I rabbit hunted aep a for opening weekend
tough going 
huge runs couldn't hear dogs some of the time
also, like everywhere else, the vegetation too thick to see the rabbits
I think there must be a lot of coyotes in aep several went straight to the holes
we have had great action all the times out but the kill to run ratio is bad at the present time
try try again!!!!


----------



## m_miller

I spent a couple weekends down at aep this fall fishing and at night the coyotes were thick.


----------



## jray

killed two on public ground thanksgiving the dogs were running both at once. Found a ladder stand and jumped up into it. when life gives you lemons...


----------



## Bowhunter57

I haven't seen any rabbits in over 3 years. Too many feral cats and coyotes. 
I miss eating rabbit...mmm. 

Bowhunter57


----------



## Love2kayak

I've only seen them at one place this season, my buddies gpa's land close to dillon and we've seen probably around 15 or so. Jumped two while squirrel hunting couple days ago. Like everywhere else there are plenty of yotes around the area but there's plenty of rabbits. Only place I've seen them so often since I was a kid actually 


Outdoor Hub mobile, the outdoor information engine


----------



## T-180

From riding in the combine to working the bird dog, I've seen a ton of rabbits. The warm has them jumping a little early so it should get better. 
Agreed about the coyotes, but the feral cats & the free roaming cats that people let go everywhere really hit the baby bunnies especially. We'll start the yote trapping here very soon to at least keep them in check.


----------



## sammerguy

I've gotten 2 more since. I jumped 5 on my last outing. There seems to be plenty of them on my grandfathers land. I'm nor using dog, its just me walking thru the grass. I can't wait for some snow. This grass is way too tall for me. I only have about 4 seconds to hear, see and shoot the rabbit. 

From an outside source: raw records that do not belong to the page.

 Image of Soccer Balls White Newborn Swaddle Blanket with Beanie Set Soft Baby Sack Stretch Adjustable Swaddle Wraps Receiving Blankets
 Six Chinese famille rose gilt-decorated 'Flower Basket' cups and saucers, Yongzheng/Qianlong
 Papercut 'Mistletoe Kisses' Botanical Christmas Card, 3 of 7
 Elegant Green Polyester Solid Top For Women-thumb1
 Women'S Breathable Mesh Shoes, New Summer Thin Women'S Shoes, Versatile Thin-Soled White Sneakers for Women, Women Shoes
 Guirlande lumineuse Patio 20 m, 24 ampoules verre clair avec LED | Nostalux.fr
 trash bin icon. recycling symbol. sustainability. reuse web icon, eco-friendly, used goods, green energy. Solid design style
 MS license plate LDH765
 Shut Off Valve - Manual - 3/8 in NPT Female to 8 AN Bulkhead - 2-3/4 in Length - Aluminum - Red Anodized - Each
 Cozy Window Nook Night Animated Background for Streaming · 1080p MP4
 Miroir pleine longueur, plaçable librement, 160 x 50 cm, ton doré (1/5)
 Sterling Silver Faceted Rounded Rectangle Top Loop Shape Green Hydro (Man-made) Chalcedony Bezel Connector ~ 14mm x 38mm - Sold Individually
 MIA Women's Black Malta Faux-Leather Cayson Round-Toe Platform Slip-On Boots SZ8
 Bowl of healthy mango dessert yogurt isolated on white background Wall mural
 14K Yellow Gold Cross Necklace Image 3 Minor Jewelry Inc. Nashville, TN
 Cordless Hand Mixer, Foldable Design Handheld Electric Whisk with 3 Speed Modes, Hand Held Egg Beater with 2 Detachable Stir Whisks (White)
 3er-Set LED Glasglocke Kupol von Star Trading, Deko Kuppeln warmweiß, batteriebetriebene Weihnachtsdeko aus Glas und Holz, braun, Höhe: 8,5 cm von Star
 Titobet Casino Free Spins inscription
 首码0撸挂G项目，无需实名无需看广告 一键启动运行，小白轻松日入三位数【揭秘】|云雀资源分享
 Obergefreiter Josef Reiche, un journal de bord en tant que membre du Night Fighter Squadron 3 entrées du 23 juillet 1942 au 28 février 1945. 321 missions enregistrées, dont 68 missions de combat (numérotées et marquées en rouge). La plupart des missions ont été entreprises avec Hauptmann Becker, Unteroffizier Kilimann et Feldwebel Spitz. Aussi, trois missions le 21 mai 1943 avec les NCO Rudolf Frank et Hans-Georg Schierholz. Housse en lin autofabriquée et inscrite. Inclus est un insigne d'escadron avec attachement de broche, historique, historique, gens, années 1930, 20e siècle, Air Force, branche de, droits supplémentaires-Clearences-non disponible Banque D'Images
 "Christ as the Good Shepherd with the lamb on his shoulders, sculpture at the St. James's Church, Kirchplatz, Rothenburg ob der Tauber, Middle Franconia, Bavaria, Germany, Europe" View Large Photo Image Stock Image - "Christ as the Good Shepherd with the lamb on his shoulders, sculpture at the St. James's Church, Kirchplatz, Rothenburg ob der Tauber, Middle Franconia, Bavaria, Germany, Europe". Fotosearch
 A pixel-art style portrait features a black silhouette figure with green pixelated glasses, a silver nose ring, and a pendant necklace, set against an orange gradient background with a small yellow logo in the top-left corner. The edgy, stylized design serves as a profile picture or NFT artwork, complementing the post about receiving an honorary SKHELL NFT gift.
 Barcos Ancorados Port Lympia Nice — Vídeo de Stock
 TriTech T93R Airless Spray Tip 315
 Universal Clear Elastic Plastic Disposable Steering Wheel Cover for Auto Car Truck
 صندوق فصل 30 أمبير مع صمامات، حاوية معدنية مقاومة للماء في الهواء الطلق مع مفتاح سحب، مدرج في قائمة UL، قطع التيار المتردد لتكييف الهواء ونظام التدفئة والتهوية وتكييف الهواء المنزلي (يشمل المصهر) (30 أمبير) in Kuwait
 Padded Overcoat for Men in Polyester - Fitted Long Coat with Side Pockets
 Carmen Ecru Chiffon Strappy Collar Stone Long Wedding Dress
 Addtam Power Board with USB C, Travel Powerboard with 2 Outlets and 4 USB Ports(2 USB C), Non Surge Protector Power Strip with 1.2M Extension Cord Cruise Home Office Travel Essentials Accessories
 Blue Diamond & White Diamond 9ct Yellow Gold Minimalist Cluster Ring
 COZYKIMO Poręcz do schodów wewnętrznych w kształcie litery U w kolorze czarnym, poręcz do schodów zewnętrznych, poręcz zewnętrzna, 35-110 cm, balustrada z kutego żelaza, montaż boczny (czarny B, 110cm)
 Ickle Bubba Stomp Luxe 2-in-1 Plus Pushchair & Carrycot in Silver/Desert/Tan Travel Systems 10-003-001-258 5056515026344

posted using Outdoor Hub Campfire


----------



## ggcanteri

heading to logrange in the morn to hunt some bunnies the dogs and I are ready to go 
rain or shine


----------



## fish*FEAR*me

Got out and killed a few Sunday.my six month old pups are really starting to get it. It's been real fun watching there progress. And as a first time beagler we have been learning a lot together!

posted using Outdoor Hub Campfire


----------



## sammerguy

Man I wish I had some dogs, or knew someone that did. I feel like there are tons of rabbits I just cannot find on my grandapas land.

posted using Outdoor Hub Campfire


----------



## jlami

sammerguy said:


> Man I wish I had some dogs, or knew someone that did. I feel like there are tons of rabbits I just cannot find on my grandapas land.
> 
> posted using Outdoor Hub Campfire


I have a 2 year old Weim that I have been trying to hunt since he was a pup. I'll bring him out and see what he does if you promise not to shoot him.

posted using Outdoor Hub Campfire


----------



## fish*FEAR*me

sammerguy said:


> Man I wish I had some dogs, or knew someone that did. I feel like there are tons of rabbits I just cannot find on my grandapas land.
> 
> posted using Outdoor Hub Campfire


 I'm new into using dogs. It's definitely fun. 
Where abouts do you hunt?

posted using Outdoor Hub Campfire


----------



## rocco812

Hey that's me in your pic


Posted using Outdoor Hub Campfire


----------



## fish*FEAR*me

What are u talking about..I don't know you!! Lol can't wait to see your new pups!!

posted using Outdoor Hub Campfire


----------